ASIC, alongside the Australian Federal Police (AFP), had been investigating the "multi-layered cybercrime activity" for more than a year, resulting in the arrest of a 21 year-old woman from Melbourne.

It is alleged the woman worked as part of a syndicate which used fraudulently-obtained identities to commit large-scale online fraud.

ASIC said in court on Tuesday the syndicate allegedly used stolen identity information purchased from "dark net marketplaces", together with single use SIM cards and fake email accounts, to undertake an "identity takeover".

These fraudulently created identities, ASIC said, were created to mimic real individuals who unknowingly had their identities compromised. ASIC said they were then used to open bank accounts at various Australian banking institutions.

Investigations have uncovered at least 70 bank accounts created using fraudulently-obtained identities to date, ASIC said, alleging that once created, the syndicate stole money from the superannuation accounts of these victims, and from their share-trading accounts in ASX-listed companies.

ASIC and the AFP further allege the syndicate laundered the stolen funds through an overseas contact to purchase untraceable assets such as jewellery. It is believed the money was then transferred back to Australia through cryptocurrency.

"From identity theft, where innocent victims have their personal details stolen and sold online in dark net marketplaces; to hacking and phishing – this investigation has illustrated the devastating impacts that compromise of your identity can have," AFP Manager Cyber Crime Operations, acting commander Chris Goldsmid said.

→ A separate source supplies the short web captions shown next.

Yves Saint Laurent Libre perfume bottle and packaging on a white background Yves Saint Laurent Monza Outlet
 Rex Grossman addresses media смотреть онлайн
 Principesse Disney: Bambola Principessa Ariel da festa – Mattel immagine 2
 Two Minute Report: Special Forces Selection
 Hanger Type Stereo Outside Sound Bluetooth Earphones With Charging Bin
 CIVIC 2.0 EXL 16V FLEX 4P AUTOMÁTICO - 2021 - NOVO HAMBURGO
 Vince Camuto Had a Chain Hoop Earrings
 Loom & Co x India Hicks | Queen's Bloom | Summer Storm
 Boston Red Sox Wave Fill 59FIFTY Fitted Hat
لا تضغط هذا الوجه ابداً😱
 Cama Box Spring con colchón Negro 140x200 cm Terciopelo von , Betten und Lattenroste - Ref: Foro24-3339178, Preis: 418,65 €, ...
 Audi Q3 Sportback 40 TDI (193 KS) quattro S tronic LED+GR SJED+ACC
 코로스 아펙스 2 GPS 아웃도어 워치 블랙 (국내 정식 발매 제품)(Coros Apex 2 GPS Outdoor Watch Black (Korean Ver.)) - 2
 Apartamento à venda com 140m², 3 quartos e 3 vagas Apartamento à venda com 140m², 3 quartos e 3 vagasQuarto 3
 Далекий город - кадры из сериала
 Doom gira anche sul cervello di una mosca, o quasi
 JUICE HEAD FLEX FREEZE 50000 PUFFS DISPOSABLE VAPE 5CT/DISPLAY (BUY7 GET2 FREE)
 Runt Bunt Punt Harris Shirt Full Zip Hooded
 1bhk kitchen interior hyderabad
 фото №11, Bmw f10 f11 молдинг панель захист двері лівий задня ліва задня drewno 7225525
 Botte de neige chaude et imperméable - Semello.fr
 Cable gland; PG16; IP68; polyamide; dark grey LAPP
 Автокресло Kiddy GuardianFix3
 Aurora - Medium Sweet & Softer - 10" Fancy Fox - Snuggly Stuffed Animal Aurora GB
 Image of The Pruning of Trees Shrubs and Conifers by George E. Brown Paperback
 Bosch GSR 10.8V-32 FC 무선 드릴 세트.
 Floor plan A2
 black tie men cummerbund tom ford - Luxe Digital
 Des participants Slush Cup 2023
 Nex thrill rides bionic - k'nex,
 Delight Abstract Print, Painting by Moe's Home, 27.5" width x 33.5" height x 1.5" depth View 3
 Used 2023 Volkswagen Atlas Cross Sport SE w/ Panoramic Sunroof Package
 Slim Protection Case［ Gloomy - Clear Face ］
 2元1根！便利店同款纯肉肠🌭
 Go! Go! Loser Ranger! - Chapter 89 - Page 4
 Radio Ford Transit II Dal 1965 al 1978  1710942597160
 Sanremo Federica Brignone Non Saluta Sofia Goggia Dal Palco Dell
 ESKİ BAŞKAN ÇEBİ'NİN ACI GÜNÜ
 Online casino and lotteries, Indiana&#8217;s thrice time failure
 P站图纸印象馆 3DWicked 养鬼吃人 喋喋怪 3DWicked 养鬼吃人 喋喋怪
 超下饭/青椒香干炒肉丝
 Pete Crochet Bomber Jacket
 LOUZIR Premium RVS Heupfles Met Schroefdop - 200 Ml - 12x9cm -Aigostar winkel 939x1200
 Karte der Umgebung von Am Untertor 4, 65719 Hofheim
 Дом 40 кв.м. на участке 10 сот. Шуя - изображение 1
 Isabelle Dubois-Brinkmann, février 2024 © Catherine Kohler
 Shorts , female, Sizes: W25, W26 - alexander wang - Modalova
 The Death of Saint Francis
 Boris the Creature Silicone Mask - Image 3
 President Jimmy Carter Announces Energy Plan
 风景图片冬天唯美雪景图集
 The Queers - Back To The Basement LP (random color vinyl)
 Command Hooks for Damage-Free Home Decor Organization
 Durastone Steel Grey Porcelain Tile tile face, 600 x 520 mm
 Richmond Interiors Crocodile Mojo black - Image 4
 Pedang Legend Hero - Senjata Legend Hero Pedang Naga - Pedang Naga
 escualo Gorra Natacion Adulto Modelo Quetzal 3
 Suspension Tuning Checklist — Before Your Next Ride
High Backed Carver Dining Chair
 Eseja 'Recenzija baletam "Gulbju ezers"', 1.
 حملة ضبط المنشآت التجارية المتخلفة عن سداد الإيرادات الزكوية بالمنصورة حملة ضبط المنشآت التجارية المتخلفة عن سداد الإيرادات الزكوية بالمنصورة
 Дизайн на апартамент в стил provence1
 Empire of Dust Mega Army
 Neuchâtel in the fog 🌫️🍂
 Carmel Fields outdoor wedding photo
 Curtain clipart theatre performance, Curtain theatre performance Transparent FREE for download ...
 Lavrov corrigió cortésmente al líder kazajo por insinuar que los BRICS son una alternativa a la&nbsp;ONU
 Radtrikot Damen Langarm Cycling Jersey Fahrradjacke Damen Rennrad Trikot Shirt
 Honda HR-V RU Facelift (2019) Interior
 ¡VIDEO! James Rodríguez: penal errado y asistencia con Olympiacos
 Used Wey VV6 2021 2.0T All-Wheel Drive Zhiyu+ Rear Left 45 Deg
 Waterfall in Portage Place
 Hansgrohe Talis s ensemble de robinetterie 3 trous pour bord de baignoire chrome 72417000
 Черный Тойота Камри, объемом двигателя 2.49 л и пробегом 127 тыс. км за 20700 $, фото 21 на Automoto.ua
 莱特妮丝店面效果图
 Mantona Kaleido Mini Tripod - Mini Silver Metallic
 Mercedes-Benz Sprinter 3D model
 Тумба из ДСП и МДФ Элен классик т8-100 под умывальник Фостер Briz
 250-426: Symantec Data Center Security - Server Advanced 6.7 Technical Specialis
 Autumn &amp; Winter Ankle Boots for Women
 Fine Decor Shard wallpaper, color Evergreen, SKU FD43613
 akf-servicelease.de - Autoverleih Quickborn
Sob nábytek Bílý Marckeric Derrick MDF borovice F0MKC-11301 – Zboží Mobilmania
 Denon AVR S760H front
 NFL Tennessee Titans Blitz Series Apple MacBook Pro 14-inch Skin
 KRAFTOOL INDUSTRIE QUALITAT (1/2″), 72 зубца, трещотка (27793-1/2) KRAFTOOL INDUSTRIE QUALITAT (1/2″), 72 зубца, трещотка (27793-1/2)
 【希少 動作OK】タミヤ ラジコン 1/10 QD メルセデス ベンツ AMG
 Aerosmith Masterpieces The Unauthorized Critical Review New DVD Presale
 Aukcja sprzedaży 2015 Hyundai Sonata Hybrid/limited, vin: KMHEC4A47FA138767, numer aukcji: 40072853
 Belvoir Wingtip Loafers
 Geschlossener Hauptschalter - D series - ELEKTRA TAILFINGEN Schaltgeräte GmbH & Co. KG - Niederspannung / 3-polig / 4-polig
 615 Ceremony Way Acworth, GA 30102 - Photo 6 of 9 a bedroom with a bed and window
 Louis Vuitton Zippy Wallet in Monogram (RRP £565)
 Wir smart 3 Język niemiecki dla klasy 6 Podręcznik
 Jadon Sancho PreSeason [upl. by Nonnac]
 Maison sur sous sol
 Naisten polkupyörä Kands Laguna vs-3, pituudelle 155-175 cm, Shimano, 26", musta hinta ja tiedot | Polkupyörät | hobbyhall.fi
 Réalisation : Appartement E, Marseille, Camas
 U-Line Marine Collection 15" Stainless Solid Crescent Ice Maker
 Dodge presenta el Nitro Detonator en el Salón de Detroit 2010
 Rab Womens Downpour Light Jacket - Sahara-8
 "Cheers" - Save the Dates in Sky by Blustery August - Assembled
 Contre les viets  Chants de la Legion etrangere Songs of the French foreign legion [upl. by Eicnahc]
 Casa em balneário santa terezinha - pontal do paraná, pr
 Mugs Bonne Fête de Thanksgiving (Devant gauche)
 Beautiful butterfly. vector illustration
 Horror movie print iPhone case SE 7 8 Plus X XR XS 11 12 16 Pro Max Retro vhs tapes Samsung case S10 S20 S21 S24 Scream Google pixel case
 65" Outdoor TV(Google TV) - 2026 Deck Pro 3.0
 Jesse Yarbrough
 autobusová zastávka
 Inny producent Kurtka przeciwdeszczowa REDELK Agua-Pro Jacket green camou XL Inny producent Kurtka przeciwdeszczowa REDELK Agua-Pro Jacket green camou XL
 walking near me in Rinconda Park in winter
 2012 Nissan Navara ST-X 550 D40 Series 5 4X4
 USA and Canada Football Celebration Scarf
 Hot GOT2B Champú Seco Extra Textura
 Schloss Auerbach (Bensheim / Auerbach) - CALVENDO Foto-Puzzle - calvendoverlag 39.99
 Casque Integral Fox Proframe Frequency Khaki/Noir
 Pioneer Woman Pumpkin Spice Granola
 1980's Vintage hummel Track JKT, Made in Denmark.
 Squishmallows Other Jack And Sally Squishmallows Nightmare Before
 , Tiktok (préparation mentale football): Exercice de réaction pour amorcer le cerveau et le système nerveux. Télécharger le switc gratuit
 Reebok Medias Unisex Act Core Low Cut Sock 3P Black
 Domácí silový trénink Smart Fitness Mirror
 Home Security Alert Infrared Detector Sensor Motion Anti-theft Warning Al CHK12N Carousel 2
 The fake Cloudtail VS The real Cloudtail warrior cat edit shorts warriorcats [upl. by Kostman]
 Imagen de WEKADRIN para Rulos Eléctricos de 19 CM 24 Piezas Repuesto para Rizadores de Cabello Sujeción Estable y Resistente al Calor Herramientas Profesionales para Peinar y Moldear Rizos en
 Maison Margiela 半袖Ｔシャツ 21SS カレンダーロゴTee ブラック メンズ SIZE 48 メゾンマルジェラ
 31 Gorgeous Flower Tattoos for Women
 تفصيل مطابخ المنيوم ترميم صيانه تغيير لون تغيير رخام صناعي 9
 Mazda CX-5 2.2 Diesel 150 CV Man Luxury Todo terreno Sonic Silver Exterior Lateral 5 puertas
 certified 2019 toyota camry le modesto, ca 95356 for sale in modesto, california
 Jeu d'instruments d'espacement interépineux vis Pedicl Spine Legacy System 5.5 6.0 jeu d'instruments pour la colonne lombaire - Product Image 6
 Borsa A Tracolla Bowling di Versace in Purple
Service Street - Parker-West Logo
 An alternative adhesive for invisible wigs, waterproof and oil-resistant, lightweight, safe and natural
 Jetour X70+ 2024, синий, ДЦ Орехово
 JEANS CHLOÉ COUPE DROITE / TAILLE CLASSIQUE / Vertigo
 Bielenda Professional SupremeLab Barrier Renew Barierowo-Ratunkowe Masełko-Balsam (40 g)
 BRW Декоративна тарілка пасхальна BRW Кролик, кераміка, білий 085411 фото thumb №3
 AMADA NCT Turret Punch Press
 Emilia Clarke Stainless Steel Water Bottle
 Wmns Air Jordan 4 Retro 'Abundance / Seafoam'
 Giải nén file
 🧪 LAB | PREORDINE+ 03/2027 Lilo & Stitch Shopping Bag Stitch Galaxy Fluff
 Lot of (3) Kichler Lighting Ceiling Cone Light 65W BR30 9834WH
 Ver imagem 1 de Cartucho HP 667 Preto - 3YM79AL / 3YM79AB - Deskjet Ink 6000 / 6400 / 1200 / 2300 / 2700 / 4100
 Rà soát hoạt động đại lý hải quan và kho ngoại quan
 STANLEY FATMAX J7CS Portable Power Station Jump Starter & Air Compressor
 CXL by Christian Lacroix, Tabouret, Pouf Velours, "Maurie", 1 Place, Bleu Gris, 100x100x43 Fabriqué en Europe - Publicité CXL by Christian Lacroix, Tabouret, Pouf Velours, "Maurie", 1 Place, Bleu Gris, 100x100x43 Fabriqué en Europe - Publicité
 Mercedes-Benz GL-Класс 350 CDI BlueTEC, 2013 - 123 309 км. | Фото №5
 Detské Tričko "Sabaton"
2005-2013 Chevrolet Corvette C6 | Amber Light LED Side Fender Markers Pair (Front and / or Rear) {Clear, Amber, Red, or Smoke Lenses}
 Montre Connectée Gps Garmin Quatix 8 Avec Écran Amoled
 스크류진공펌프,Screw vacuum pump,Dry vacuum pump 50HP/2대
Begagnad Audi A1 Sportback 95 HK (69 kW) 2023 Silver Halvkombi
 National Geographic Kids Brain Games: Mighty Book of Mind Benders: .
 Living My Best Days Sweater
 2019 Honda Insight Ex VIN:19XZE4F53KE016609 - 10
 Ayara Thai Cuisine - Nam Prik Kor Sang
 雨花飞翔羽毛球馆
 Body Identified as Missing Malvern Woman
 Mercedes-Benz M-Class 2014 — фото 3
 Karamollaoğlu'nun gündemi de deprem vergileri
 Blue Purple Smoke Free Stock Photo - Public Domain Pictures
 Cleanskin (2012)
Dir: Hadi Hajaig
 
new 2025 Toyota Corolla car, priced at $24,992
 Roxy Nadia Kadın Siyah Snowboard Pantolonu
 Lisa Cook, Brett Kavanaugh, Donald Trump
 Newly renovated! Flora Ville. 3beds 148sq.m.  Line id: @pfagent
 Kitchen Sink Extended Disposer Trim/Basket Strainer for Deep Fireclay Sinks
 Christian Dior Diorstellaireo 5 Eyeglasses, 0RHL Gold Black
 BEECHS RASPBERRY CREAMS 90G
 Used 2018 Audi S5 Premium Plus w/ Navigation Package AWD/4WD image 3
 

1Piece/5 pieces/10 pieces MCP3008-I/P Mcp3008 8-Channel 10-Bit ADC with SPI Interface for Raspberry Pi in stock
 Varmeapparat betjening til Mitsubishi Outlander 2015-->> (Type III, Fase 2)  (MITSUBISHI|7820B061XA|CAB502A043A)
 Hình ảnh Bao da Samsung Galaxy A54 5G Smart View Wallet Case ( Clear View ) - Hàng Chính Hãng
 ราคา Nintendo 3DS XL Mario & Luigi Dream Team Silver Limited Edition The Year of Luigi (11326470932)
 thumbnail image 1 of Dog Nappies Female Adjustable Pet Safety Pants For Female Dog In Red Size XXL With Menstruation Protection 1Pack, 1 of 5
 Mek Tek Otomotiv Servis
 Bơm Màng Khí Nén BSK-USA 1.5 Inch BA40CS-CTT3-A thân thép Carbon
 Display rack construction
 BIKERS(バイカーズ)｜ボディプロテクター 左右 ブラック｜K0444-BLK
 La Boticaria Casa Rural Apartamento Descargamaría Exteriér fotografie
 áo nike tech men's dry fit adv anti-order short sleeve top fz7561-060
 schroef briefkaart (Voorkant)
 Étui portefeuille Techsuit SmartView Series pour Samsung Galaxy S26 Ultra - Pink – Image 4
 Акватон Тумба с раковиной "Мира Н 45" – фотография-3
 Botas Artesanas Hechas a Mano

"Cybersecurity threats such as data breaches and financial system attacks are a major concern for ASIC and we will continue to pursue not only cyber-related market and superannuation offending but also the need for institutions to maintain their obligations to ensure they have adequate cyber resilience," added ASIC deputy chair Daniel Crennan.

The 21 year-old is due to be charged, if found guilty, with a range of offences, including: Multiple offences of conspiring to cause unauthorised access and/or modification of data; multiple offences of conspiring to cause unauthorised modification of data knowing that the modification was unauthorised, and being reckless as to whether the modification will impair the reliability and security of the data; conspiring to dishonestly take or conceal articles in the course of post; conspiring to dishonestly obtain property by deception; multiple offences of dealing in proceeds of crime valued at AU$100,000 or more; multiple offences of dealing in personal identification information; and multiple offences of dealing in personal financial information.

Investigations into the syndicate are continuing, and ASIC said further arrests and charges have not been ruled out.